化学.24 アルカンの立体配座

この本や記事で分かること

・立体配座とは何か

・立体障害はなぜ、起きるのか

・エタンの立体配座とブタンの立体配座とその違い

エタンの炭素‐炭素結合の特徴は何か

 エタンはC2H6で表される炭化水素であり、炭素はsp3混成軌道によって3つの水素ともう一つの炭素と結合しています。

 2重結合や3重結合では、分子同士の結合を簡単に回転させることができませんが、単結合は回転させることが可能です。

 エタン分子の炭素-炭素結合も単結合であり、回転が可能です。

立体配座とは何か

 エタン分子の炭素ー炭素結合は360°回転可能であり、回転によって生じる原子の空間配置には様々な形があります。

 このような空間配置のことを立体配座と呼びます。

 様々な空間配置が可能といっても、それぞれの空間的に安定的であったり、不安定である場合があります。

 立体配座を示す際には、Newman投影図が用いられます。エタンであれば、片方の炭素を中央として、3本の水素結合を記載します。

 奥の炭素結合は○で示され、おなじように3本の水素の結合を〇と結合させる形で示します。

エタンの立体配座による安定性はどう異なるのか

 エタンを横方向から眺めて、炭素‐炭素結合を回転させると手前と奥の炭素に結合した水素が重なるような構造や水素同士が重ならないような立体配座が存在することが分かります。

 水素同士が重なり合うような構造では、原子同士が近くなります。原子同士が近くなると炭素-水素結合間の電子同士が反発するためエネルギー的にやや不安定となります。

 一方で、手前と奥の水素同士が重なった状態から結合を60°回転させると、水素同士の距離が最も広がり、反発が小さくなり、エネルギー的が安定となります。

 水素同士が重なり合う構造を重なり形、最も離れた構造をねじれ形と呼びます。
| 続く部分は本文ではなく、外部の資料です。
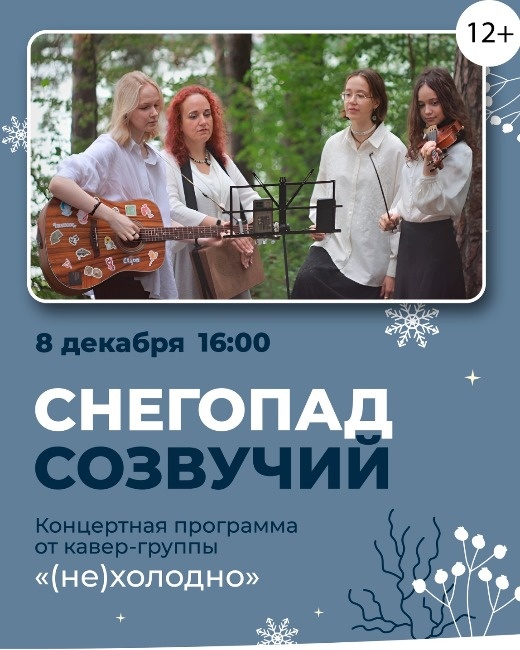  Постер к концерту. Фото: библиотека им. Н. А. Некрасова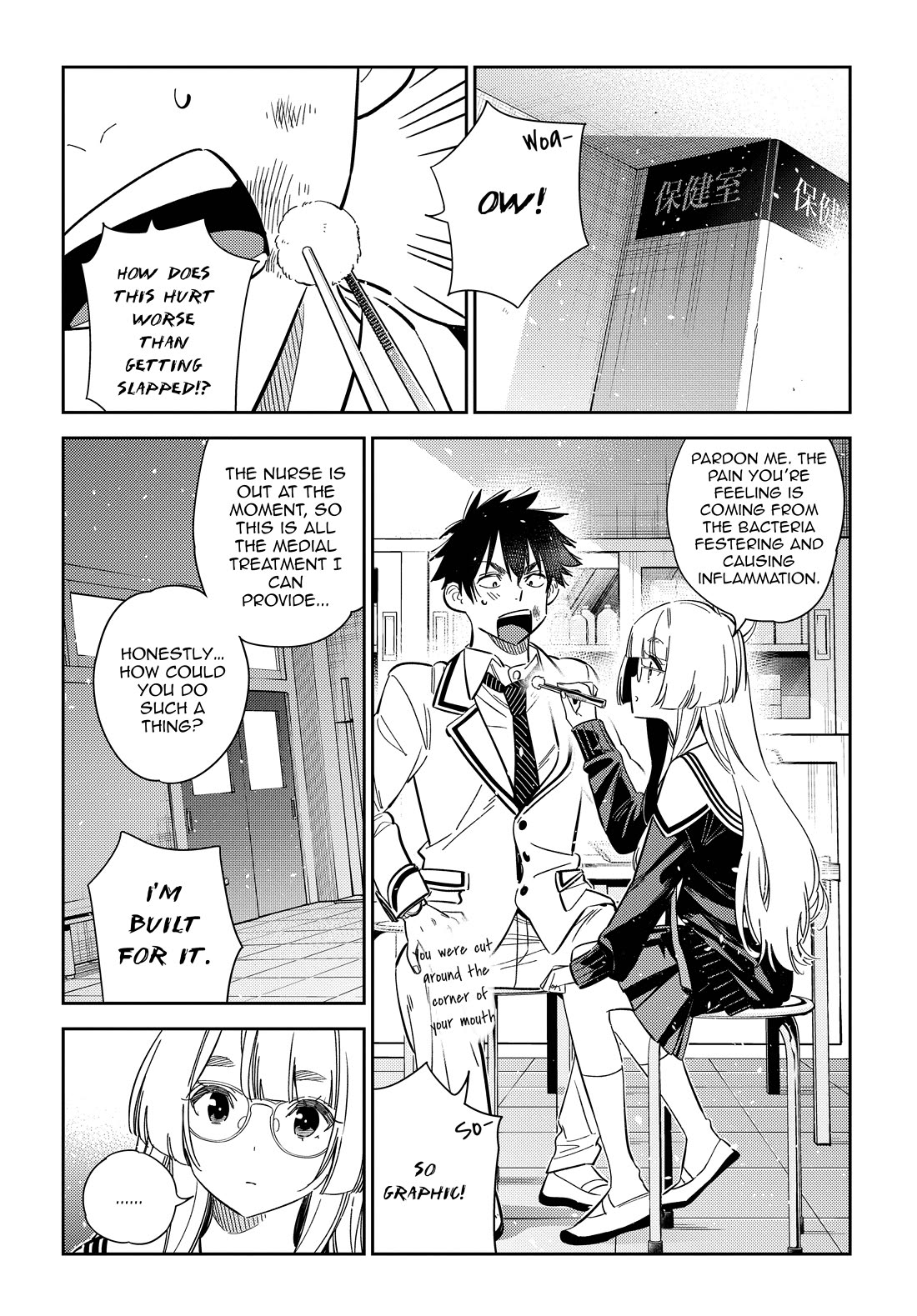 The Children of Shiunji Family chapter 47 page 9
回転をすることはできますが、エネルギー的な安定には差異があります。

立体障害とは何か

 直接結合していない原子同士が近づいた立体配座をとることで、エネルギーが上昇することを立体ひずみと呼び、立体ひずみが要因となって化学反応が妨げられたり、構造の変化が起こりにくくなることを立体障害と呼びます。

 化学反応は物質が衝突することで起きるため、反応点の周囲の立体障害があると反応物が反応点に近づくことが難しくなるため、反応が進行しにくくなります。

 また、分子内反応など一部の反応では立体障害によって、反応点同士が近づくことで反応が進行しやすくなることもあります。

 このように立体障害は化学反応の進行のしやすさに大きな影響を与えます。 

ブタンの立体配座はエタンの場合とどう違うのか

 ブタン(C4H10)を中央の2個の炭素を中心にNewman投影図を書くと、それぞれの炭素に二つの水素と1つのメチル基(-CH3)が結合している形になります。

 エタンのときは炭素に結合しているのはすべて水素だったため、重なり合うときも水素同士だけでしたが、ブタンでは、メチル基同士が重なる場合と、メチル基と水素が重なる場合の2通りが存在しています。

 メチル基は水素よりも嵩が大きいため、メチル基同士が重なり合うほうが、水素と重なり合うときと比べて、エネルギーが高い状態になります。

 また、ねじれ構造にもメチル基同士が隣り合うとき(角度が60 or 300°)のときと、正反対の位置にある(180°)の場合があります。

 最も安定になるのはメチル基同士が最も離れた180°のときとなります。この時のねじれ配置をアンチ型、隣り合うときをゴーシュ型と呼びます。

 結合する官能基の種類が増加することで、ねじれ型、重なり型の中でもエネルギー状態に差が出るようになっていきます。